Today we visited with Meg Linton at the Ben Maltz Gallery at Otis. Her programming there is quite eclectic, showing local and international artists, shows curated by others, and shows that highlight design, like the Misfit Toy Show and the current exhibition on local green products. It was a bit difficult to get a handle on her programming, as most of the other curators we've visited tend to have some sort of focus or agenda.
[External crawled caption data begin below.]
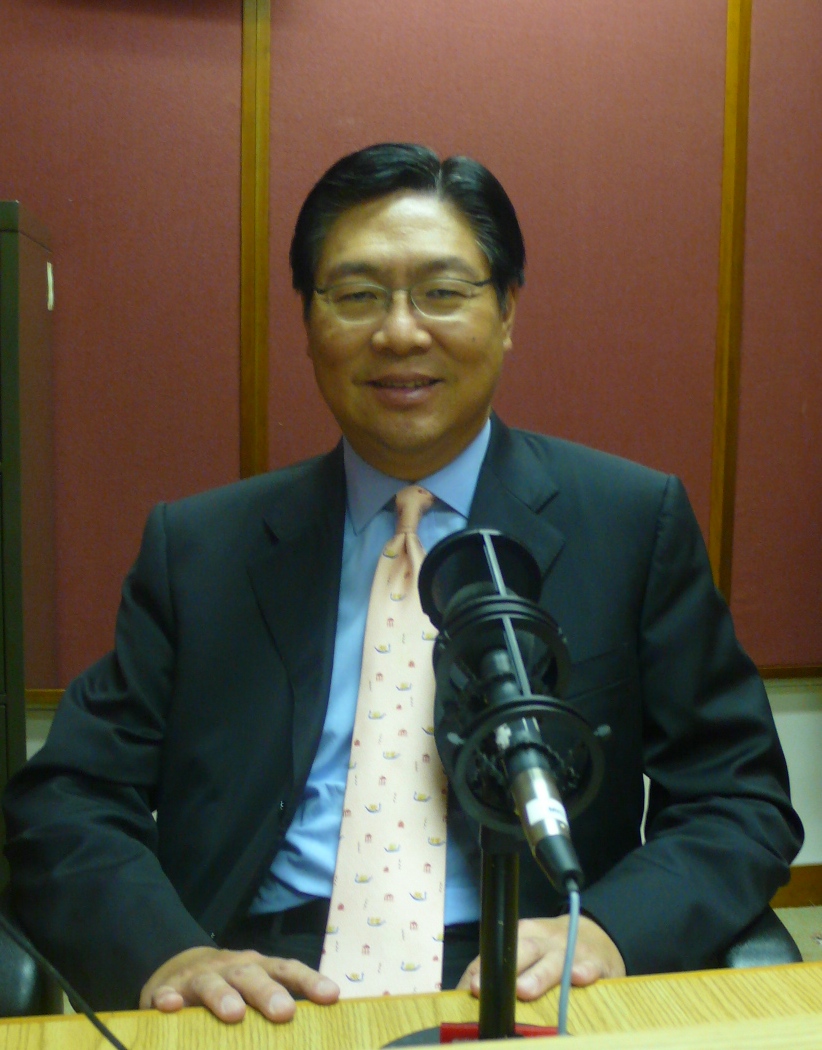 時任商經局局長馬時亨曾在香港電台錄音室進行《香港家書》的錄音工作。政府新聞處
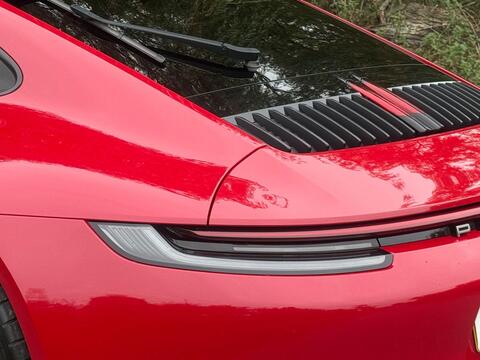 Porsche 911 view 64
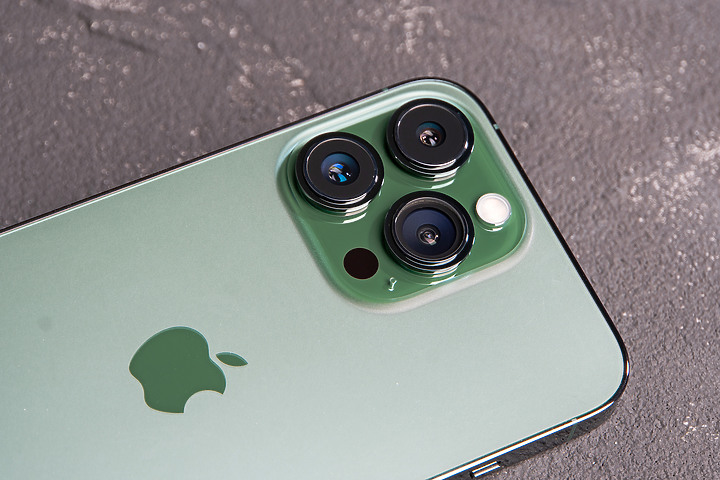 松嶺青iPhone 13 Pro + 新綠iPhone 13動眼看 很自然 彷彿聞到芬多精(吸氣~)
Towards the end of our talk we did get into some of the more interesting issues that are being debated in the art world. Meg talked about no longer writing art reviews in part because gallerists are some of the same people she may ask to borrow art from. Even in a review that's more descriptive than critical, it's easy for an fragile artist or sensitive dealer to take umbrage. There was a prescient mention of this by Chris Bors in his ArtInfo piece, "The Unspoken Gorilla." Near the end of the article he relates a story by an SVA alum:
SVA faculty member and noted art critic Jerry Saltz took students on class trips to galleries, he warned them not to say anything openly negative in front of dealers. Instead, Saltz told them to use a series of secret hand signals to indicate whether they liked the work or not. It seems the risk of upsetting a potential connection was simply not worth it.It makes me realize that all they hype that accompanies the current art-fair-related boom is tenuous and fragile indeed.
Meg also bemoaned the lack of any substantive alternative movement in art, as our vast and speedy consumer culture absorbs the radical and subversive and transforms it into commodities as quickly as it's produced. (My take on her ideas) Even the idea of artists creating alternative spaces is quickly becoming a historical tradition.